3000 haiku about cherry trees, cherry blossoms, and blossom-viewing: the most haiku about a single theme ever found in one book. The haiku are divided into 60 chapters, chronological (following the viewing from the wait to the trip home), phenomenological (buds, types of trees, bloom, drinking, falling blossoms) and conceptual (the wind as pushy male, woman as cherry tree, cherry tree as woman). The book includes about 50 older and longer poems, called waka. About half are by the poet monk Saigyo, the man who loved cherry trees like no one before or since. Also, I believe that about 50 ku by Sogi prove that haiku was pretty well established over a century earlier than generally believed. The poems in the book reflect the drunken carnival-like nature of Japanese blossom-viewing.
Robin gives an overview of the book:
From the preface to book I, of the 3 comprising the 740pg volume. The original has Japanese and notes as well.

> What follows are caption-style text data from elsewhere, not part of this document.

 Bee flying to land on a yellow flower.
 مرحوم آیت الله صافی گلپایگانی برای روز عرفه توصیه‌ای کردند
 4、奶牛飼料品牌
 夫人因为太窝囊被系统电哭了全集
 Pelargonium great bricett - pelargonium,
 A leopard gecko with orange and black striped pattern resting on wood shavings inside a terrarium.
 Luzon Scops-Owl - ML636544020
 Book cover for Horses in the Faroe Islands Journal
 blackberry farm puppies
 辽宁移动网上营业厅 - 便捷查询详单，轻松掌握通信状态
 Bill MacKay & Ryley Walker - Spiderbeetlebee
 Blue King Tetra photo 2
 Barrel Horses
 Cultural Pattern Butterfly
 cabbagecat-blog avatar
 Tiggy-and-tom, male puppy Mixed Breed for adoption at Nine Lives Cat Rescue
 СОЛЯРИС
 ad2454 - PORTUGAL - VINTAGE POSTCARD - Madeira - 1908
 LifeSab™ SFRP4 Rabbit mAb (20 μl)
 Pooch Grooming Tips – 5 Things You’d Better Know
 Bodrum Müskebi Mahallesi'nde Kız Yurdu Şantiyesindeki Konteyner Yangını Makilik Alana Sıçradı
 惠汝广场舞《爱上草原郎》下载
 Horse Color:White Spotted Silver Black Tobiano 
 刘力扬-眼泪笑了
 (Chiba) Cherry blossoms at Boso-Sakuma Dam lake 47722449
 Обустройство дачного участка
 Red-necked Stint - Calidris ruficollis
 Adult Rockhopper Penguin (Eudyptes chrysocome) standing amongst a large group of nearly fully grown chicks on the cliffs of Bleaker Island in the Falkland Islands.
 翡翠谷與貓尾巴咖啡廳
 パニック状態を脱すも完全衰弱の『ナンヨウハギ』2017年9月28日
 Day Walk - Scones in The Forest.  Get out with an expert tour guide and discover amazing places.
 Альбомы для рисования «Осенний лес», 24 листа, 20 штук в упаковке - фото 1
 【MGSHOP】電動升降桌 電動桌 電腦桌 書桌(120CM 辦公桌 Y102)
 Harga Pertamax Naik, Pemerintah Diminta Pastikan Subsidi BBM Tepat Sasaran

hito ni hana ôkarakuri no ukiyo kana issa 1762-1827
(people-and/with blossoms: big automaton'sfloating-world!/?/‘tis)
all those men
and blossoms: the world's
A "mountain" - often meaning only a large park - of cherry blossoms in full bloom is a sensory experience as grand as Niagara. We are thrilled, more alive than ever; yet, sitting with hearts thumping below the pink cataract, glimpsing the blue sky beyond, we also feel the chilly breath of eternity (death) and shiver. For this reason, as well as the blossoms' ephemeral beauty, there are more philosophical haiku about these tree flowers than about any other subject except the fall moon, whose Buddhist baggage encourages a different sort of metaphysical musing.
If, as not a few have claimed, a haiku must be an "objective" description of "what is" and avoid "intellectualizing," no haiku theme is so corrupt as the cherry-blossom. But, if we do not choose to banish philosophy from poetry, the opposite might be claimed: cherry-blossom haiku are proof that haiku may be many things and still be haiku. Issa's ku, one of about 800 (!) he wrote about cherry blossoms, is a prime example of this. It does not simply observe what is out there but records a subjective experience of the type one might call an epiphany. Please note: Issa's metaphor is not so outlandish as one might think. Automata were popular in Japan and common in senryu. Experiencing the world as an automaton, i.e., a sort of mechanized maya, is another matter. Only a mountain of cherry blossoms swarming with revelers could have evoked it.
From the preface to book 2:
In Book I, I claimed the bloom of the cherry was sublime as Niagara Falls. To readers who have never enjoyed a blossom-viewing, let me add more simile: the heavy clouds and eventual blizzard of light pink blossoms is as sense-shocking and mind-blowing as fireworks experienced up close. It resembles white-water kayaking, where you ride the roaring torrent in utter silence aware of infinite time and the absence of it when an occasional rock or snag is not seen until it swooshes by. I must confess that I do not know if one has to be experienced in blossom-viewing to truly appreciate the hanami haiku; I had that experience before reading the poetry. For readers who have not had that experience, here are two testimonials in vintage nineteenth century prose:
"If the plum invited admiration, the cherry commands it; for to see the sakura in flower for the first time is to experience a new sensation. Familiar as a man may be with the cherry blossoms at home, the sight there bursts upon him with the dazzling effect of a revelation. Such is the profusion of flowers that the tree seems to have turned into a living mass of rosy light. No leaves break the brilliance. The snowy-pink petals cover the branches so completely that one is conscious of a bridal veil donned for the tree's nuptials with the spring." (Percival Lowell: The Soul of the Far East: 1888)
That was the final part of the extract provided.